Supreme Court of Arkansas
Feb 13, 1995
319 Ark. 449 (Ark. 1995)

Summary

denying coverage to innocent spouse whose wife committed arson where policy language excluded coverage for the intentional acts of "any insured"

Summary of this case from American Economy Insurance v. Camera Mart, Inc.

Opinion

94-772

Opinion delivered February 13, 1995

1. INSURANCE — EXCLUSIONS FROM COVERAGE GENERALLY — INTERPRETATION OF. — Intent to exclude coverage in an insurance policy should be expressed in clear and unambiguous language, and an insurance policy, having been drafted by an insurer without consultation with the insured, is to be interpreted and construed liberally in favor of the insured and strictly against the insurer. 2. INSURANCE — INTERPRETATION OF POLICIES — CLEAR AND UNAMBIGUOUS POLICY LANGUAGE CONTROLS. — Where the terms of the policy are clear and unambiguous, the policy language controls; and absent statutory strictures to the contrary, exclusionary clauses are generally enforced according to their terms. 3. INSURANCE — WHETHER INNOCENT COINSURED MAY RECOVER UNDER POLICY — LANGUAGE OF THE POLICY CONTROLS. — Whether an innocent coinsured, regardless of the relationship, is able to recover under an insurance policy is dependent on the language of the policy. 4. INSURANCE — POLICY TERMS EXPLICITLY EXCLUDED PAYMENT — APPELLANT PRECLUDED FROM RECOVERY. — Where the appellant and his wife were insureds under the policy, the wife was convicted of arson of the insured premises, and the policy terms explicitly excluded payment of insurance benefits to "any other insured" for the act of "any insured" causing or arranging for a loss, the appellant was precluded from receiving any benefit under the clear terms of the policy. 5. APPEAL ERROR — ARGUMENT UNSUPPORTED BY AUTHORITY — NO CONTRAVENTION OF PUBLIC POLICY SHOWN. — The appellant's suggestion that the exclusionary terms in his homeowners policy were contrary to public policy was offered without any citation to Arkansas law or convincing argument; no contravention of public policy was shown. 6. EVIDENCE — EVIDENCE OF FINAL JUDGMENT OF WIFE'S CONVICTION WAS ADMISSIBLE — APPELLANT FAILED TO OFFER ANY OTHER PROOF. — The appellant's suggestion that the appellee failed to prove that his wife caused the fire and resulting loss of the insured premises was without merit where the appellee's proof included a copy of her judgment of convictions for the felony arson and fraud crimes, and the appellant offered no evidence to rebut or disprove the convictions.

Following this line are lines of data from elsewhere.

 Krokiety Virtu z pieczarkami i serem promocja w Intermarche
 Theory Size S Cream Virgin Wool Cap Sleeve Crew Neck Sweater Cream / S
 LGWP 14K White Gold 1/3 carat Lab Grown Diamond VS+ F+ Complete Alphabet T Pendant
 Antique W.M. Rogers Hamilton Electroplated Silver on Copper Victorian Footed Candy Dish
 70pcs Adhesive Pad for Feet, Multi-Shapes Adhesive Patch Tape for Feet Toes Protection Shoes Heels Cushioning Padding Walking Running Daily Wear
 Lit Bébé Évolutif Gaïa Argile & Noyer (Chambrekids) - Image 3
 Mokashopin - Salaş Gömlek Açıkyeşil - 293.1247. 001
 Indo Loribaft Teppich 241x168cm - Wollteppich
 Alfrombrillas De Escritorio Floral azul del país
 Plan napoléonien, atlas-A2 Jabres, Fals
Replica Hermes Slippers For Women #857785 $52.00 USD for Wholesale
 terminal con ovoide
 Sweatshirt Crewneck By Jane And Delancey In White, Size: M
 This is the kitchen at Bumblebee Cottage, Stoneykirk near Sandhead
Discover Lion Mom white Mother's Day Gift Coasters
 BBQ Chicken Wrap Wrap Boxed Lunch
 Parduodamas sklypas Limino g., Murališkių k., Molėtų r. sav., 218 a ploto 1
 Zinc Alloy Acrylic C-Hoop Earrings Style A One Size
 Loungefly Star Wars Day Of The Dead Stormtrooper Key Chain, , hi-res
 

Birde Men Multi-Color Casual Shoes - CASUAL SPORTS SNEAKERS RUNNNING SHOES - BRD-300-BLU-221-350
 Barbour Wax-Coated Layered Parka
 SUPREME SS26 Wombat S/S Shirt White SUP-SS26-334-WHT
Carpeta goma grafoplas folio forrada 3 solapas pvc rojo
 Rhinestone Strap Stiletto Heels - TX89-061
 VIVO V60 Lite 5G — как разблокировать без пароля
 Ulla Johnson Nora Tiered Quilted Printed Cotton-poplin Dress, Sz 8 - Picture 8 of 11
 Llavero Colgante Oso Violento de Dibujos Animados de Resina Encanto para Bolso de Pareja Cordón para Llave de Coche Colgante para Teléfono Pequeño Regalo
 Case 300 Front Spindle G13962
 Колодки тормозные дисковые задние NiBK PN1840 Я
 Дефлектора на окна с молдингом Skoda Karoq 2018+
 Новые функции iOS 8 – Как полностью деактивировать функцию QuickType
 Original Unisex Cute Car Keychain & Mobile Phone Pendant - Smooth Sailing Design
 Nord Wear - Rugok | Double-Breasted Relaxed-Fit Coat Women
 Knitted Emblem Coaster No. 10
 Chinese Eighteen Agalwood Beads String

Appeal from Pulaski Circuit Court, Third Division; John Ward, Judge; affirmed.

John I. Purtle, P.A., for appellant.

Huckabay, Munson, Rowlett Tilley, P.A., by: Elizabeth Fletcher Rogers, for appellee.


On or about January 29, 1989, Diarl Noland and his wife, Debra Noland, purchased a homeowner's policy from appellee Farmers Insurance Co., Inc. The policy covered the Nolands' dwelling for a twelve-month period ending January 29, 1990. On the night of December 31, 1989, a fire destroyed the Noland house and its contents. As a result of the fire loss, Farmers paid the mortgagee, First Commercial Mortgage Company, the sum of $46,011.99 and under the terms of the policy, advanced the Nolands $2,000 for living expenses. Later, Farmers refused to make further payments under the policy because a question arose concerning whether the Nolands may have committed arson. Debra's cousin was also implicated. The Nolands subsequently were charged in federal court with conspiracy to commit arson and mail fraud, aiding and abetting arson and six counts of aiding and abetting in a mail fraud scheme. On December 17, 1990, Diarl Noland was found innocent, but his wife was convicted of the charges and is currently in prison.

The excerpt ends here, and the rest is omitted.